Komplikasi striktur uretra yang ringan sangat rendah, sehingga pilihan terapi yang dapat
diberikan ialah dengan dilatasi uretra atau uretrotomi interna yang dilihat langsung. Pada pasien
tertentu dengan striktura pendek, maka uretrotomi interna yang dilakukan dengan peralatan
pemotong kecil, telah memberikan hasil yang memuaskan.
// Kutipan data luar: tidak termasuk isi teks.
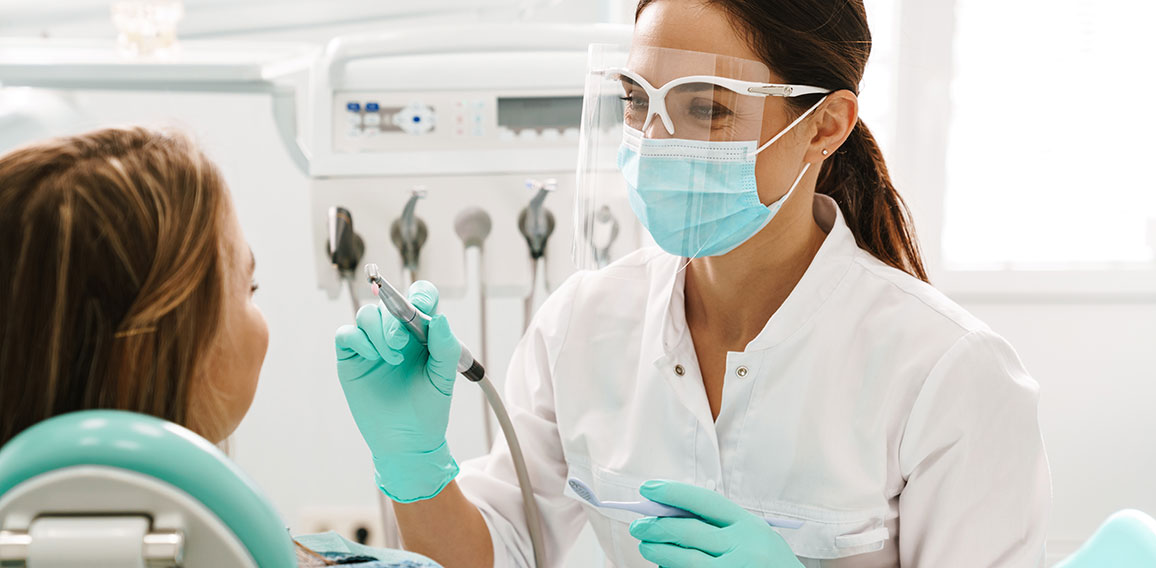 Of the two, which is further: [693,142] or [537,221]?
[537,221]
Bila diperlukan dilatasi secara sering,
bila ada striktura panjang atau majemuk, bila dilatasi terlalu sulit atau bila striktura terdapat pada
anak, maka intervensi bedah terbuka dapat menjadi indikasi.
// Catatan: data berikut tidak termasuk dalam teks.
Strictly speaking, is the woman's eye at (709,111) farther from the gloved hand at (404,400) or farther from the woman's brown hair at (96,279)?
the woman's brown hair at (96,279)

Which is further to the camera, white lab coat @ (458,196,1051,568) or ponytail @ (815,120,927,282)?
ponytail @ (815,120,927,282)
Beberapa pilihan terapi yang dapat dilakukan antara lain:


1. Dilatasi, balon kateter atau dialtor (plastik atau metal) dimasukkan ke dalam uretra untuk
membuka daerah yang menyempit.
2. Obturation, benda yang kecil, elastis, pipa plastik dimasukkan dan diposisikan pada
daerah striktur.
3. Uretrotomi (Endoscopic internal urethrotomy or incision), teknik bedah dengan derajat
invasif yang minim, dimana dilakukan tindakan insisi pada jaringan radang untuk
membuka striktur. Tindakan ini dikerjakan dengan menggunakan kamera fiberoptik
dibawah pengaruh anastesi.
4. Uretroplasti atau rekonstruksi uretra terbuka, ada dua jenis uretroplasti yaitu uretroplasti
anastomosis (daerah yang menyempit dibedah lalu uretra diperbaiki dengan mencangkok
jaringan atau flap dari jaringan di sekitarnya) & uretroplasti subsitusi (mencangkok
jaringan striktur yang dibedah dengan jaringan mukosa bibir/ Buccal Mucosa Graft,
jaringan kelamin, atau jaringan preputium/ Vascularized preputial or genital skin flaps).
5. Prosedur rekonstruksi multipel (perineal urethrostomy), tindakan bedah dengan membuat
saluran uretra di perineum (ruang antara anus dan skrotum).
Penggunaan antibiotik diindikasikan pada pasien yang memiliki infeksi saluran kemih.
Antibiotik yang diberikan disesuaikan dengan hasil tes kepekaan. Jika hasil tes kepekaan steril,
maka antibiotik dapat diindikasikan atas profilaksis seperti ampisilin atau sefalosporin generasi
ke I atau aminoglikosida (gentamisin, ibramisin).
II. 9 KOMPLIKASI
Striktur uretra menyebabkan retensi urin di dalam kantung kemih. Penumpukan urin
dalam kantung kemih beresiko tinggi untuk terjadinya infeksi, yang dapat menyebab ke kantung
kemih, prostat, dan ginjal. Abses di atas lokasi striktur juga dapat terjadi, sehingga menyebabkan
kerusakan uretra dan jaringan di bawahnya.
Selain itu, resiko terjadinya batu kandung kemih juga meningkat, timbul gejala sulit
ejakulasi, fistula uretrokutaneus (hubungan abnormal antara uretra dengan kulit), dan gagal
ginjal (jarang)

BAB III
PENUTUP

Kesimpulan
Striktur uretra adalah penyempitan lumen uretra akibat adanya jaringan parut dan
kontraksi. Penyakit ini lebih banyak terjadi pada pria daripada wanita karena adanya perbedaan
panjang uretra. Uretra pria dewasa berkisar antara 23-25 cm, sedangkan uretra wanita sekitar 3-5
cm. Karena itulah uretra pria lebih rentan terserang infeksi atau terkena trauma dibanding
wanita.
. Letak Striktur Uretra dan Penyebabnya
Letak Uretra
Pars membranasea

Penyebab
Trauma panggul, kateterisasi salah Jalan.

Pars bulbosa

Trauma/ cedera kangkang, uretritis.

Meatus

Balanitis, instrumentasi kasar.

Diagnosis striktur uretra dari hasil anamnesa dan pemeriksaan fisik. Diagnosis pasti
striktur uretra didapat dari pemeriksaan radiologi, tentukan lokasi dan panjang striktur serta
derajat penyempitan dari lumen uretra.